On July 29, both houses of the North Carolina legislature voted to override a gubernatorial veto, passing House Bill 402 into law. HB 402 shares features with the proposed federal-level REINS Act, by requiring legislative approval of agency rules that exceed a cost threshold.
North Carolina Gov. Josh Stein (D) vetoed HB 402 on June 27. On July 29, the state House of Representatives voted 73-47 to override Gov. Stein’s veto, with two Democrats joining with Republicans in voting for the override. Later that day, the state Senate voted 30-19 along party lines to override the veto, passing the bill into law. The Senate originally voted 26-17 to pass the bill on June 10, and the House originally passed it 70-44 on June 17. A veto override in North Carolina requires a three-fifths supermajority vote in both chambers, which is 72 votes in the House and 30 votes in the Senate. Three House Democrats—Reps. Cecil Brockman, Carla Cunningham, and Shelly Willingham—originally voted in favor of HB 402 on June 17. Brockman voted against the veto override on July 29. Cunningham and Willingham voted in favor of the veto override.
Under HB 402, proposed permanent rules expected to cost $20 million or more over a five-year period must be approved by the legislature to take effect. The bill also adds requirements for multi-member bodies like boards and commissions to propose permanent rules: two-thirds of commissioners must vote to approve a rule expected to cost $1 million or more over a five-year period; for rules costing $10 million or more, a unanimous vote is needed. The bill included an exception to all of these requirements for rules necessary to comply with federal requirements.

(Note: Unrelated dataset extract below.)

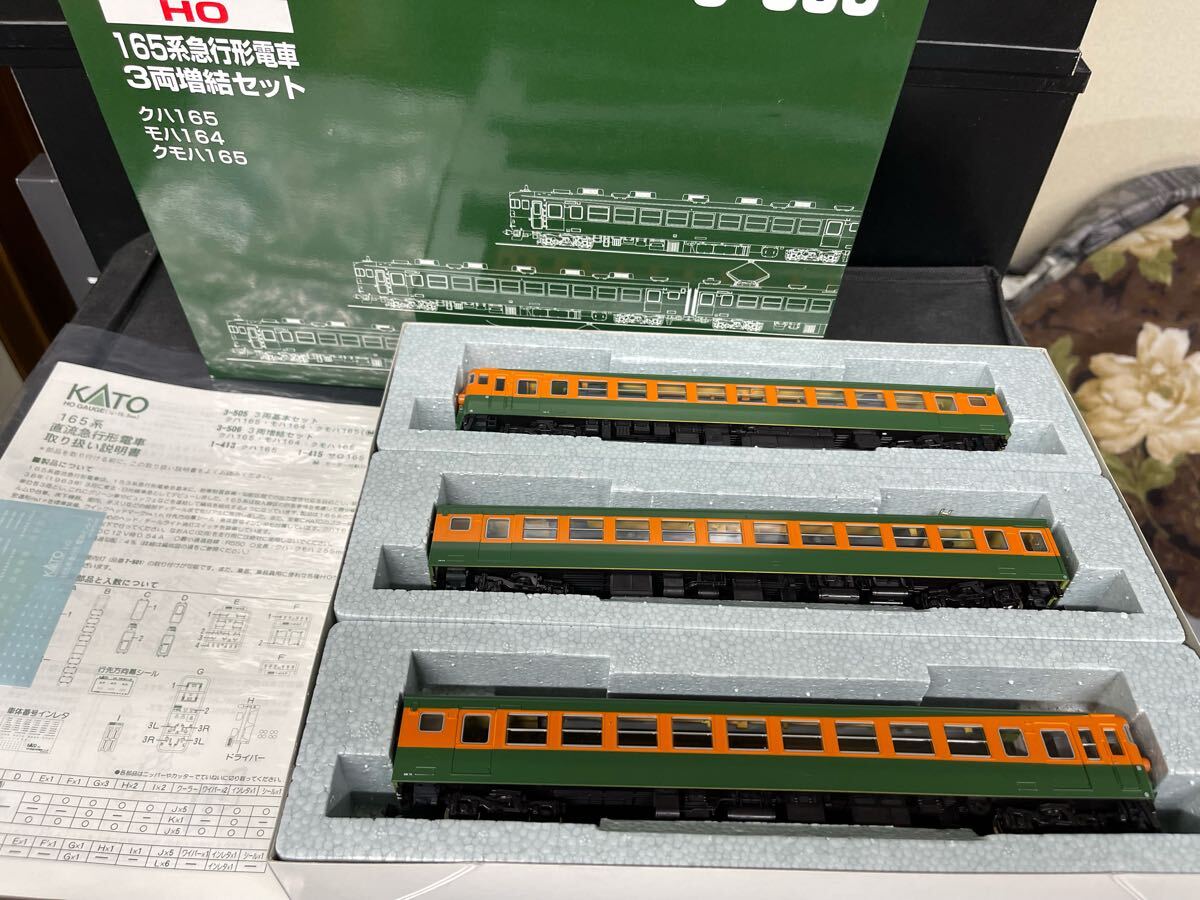 長距離特急列車　中型客車 2両セット HOゲージ　(金属製・カツミ製） 長距離特急列車 中型客車 2両セット HOゲージ (金属製・カツミ製）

Speaking in support of the override vote, Pacific Legal Foundation’s Jaimie Cavanaugh said that “creating a legislative review process for new regulations will ensure that state agencies continue to work for and represent the will of those who elected them.” In his veto press release, Gov. Stein said that the bill “would impose red tape, including an unworkable unanimity requirement, that would hamstring the decision-making of agencies, boards, and commissions, making them less effective at protecting people’s health, safety, and welfare.”
What’s the background?
The House had a Republican veto-proof supermajority from April 2023 to January 2025. Republicans gained their veto-proof supermajority in the House when Rep. Tricia Cotham (D) switched parties from Democratic to Republican in 2023, giving Republicans 72 seats out of 120. Republicans gained a veto-proof supermajority in the Senate in the 2022 election, going from 28 to 30 seats out of 50. The legislature overrode all 27 vetoes by former Gov. Roy Cooper (D) in 2024.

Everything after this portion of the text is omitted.